Algorithm for data row decimation

Forum

Forum
General C++ Programming
Algorithm for data row decimation

Algorithm for data row decimation

Hello,
my problem is how to show many points in graph. Many points mean over milions points. I need some kind of decimation method with minimum/maximum value detection.
For example I have 10E6 data points and my gprah has 1E3 points. So each 10E3 from data points must be reduced into one pixel in graph. It is simple for this divisible values. Question is what algorithm use for non commensurable values? Any examples or ideas for my problem?
Thank you

Duthomhas (13147)

What kind of graph are you displaying? An x/y plot?

tcs (519)

I would try using a Convex Hull algorithm (see http://en.wikipedia.org/wiki/Convex_hull). With the convex hull it would be easier to find the min/max rectangle.

spiritus (5)

Iam using "normal" graph with one continous curve where is time on X axis and power on Y axis. My data is one dimensionl array which I need to decimate into output array. Output array has same length like pixel count in graph.

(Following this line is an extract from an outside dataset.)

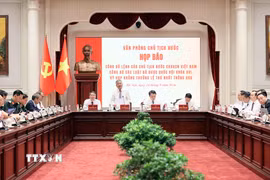 Phó Chủ nhiệm Văn phòng Chủ tịch nước Cấn Đình Tài chủ trì buổi họp báo. (Ảnh: An Đăng/TTXVN)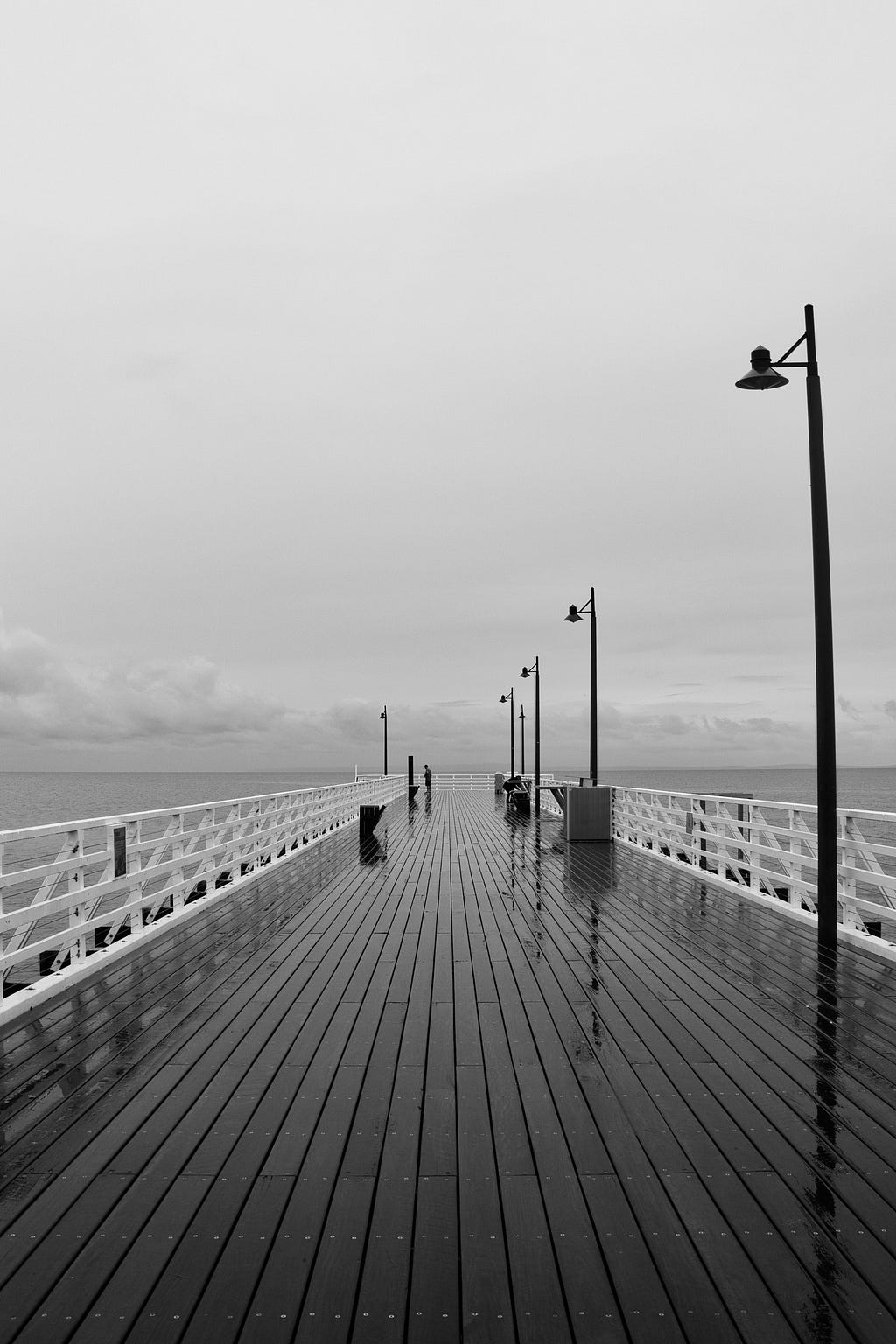 Black and white image of a wooden wet pier during a cloudy day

I think that algoritm for convex envelop is too robust for my purpose. I cant imagine the speed of it for millions points.

Duthomhas (13147)

Convex hull is not the answer here.

How scattered are your data? Can you simply sample it to get a representative graph?

spiritus (5)

Scattered? It means what variation is? It is not predictable. It could be random. One value is not depand on previous.
Simple sample is not possible. Beacuse in representativ graph you must show min and max value. This min and max valueas are important to consider the original curve.
I thing sampling function must take in care not only one point but range around certain point and compute min/max and rhis min/max value show in representatuve graph.

Duthomhas (13147)

Which of these does your data look like?

 | .
 |         .        .
 |  .   .     .
 |
 |     .  .       .
 |  .                .
 |              .
 +-----------------------
 
 
 |
 |
 |         .   .
 |    .  .  . .  .
 |   . .    .     .   .
 |  .               .  .
 |
 +-----------------------

Because if your data looks like the first (because it's random) then there is no representative graph.

The way you represent your data really does have a lot to do with what the data is and what kind of information you want to get from it. Your OP specified neither, and so far the best answer I've gotten about it is that it is a "normal" graph and a vague description of an X-Y plot.

With so much data, if you want to decimate it in some way for purposes of quickly graphing something that represents it fairly well, then random sampling is actually your best choice.

So, again, do you want to best-fit it to a curve?
Are you interested in outliers? (Like maximum power output?)
Is there any bias to the data?

spiritus (5)

For my purpose both kinds data sets are possible and decimation algorithm must working for each of them. I understand that for the second type you can aproximate it by flat curve. But in my ouptut Iam not interested in flat curve beacuse I need to see all local maximum and mimimum in original set.

I try it to better describe on this example:
I have original long input number sequence (in real case i have 1E6 points here):
23, 12, 45, 67, 34, 23, 56, 04, 34, -20, 45, 67, 98, 23, 44, 875, 875, 76, 87, 12, 87, 56, 35, 98, 12, 34, 98, -39, 23, 45.

And I have output graph which have 5 pixels in width (in real case graph has aprox. 1000pixels width. 5pixel is only for example and it is too small and it is nonsense).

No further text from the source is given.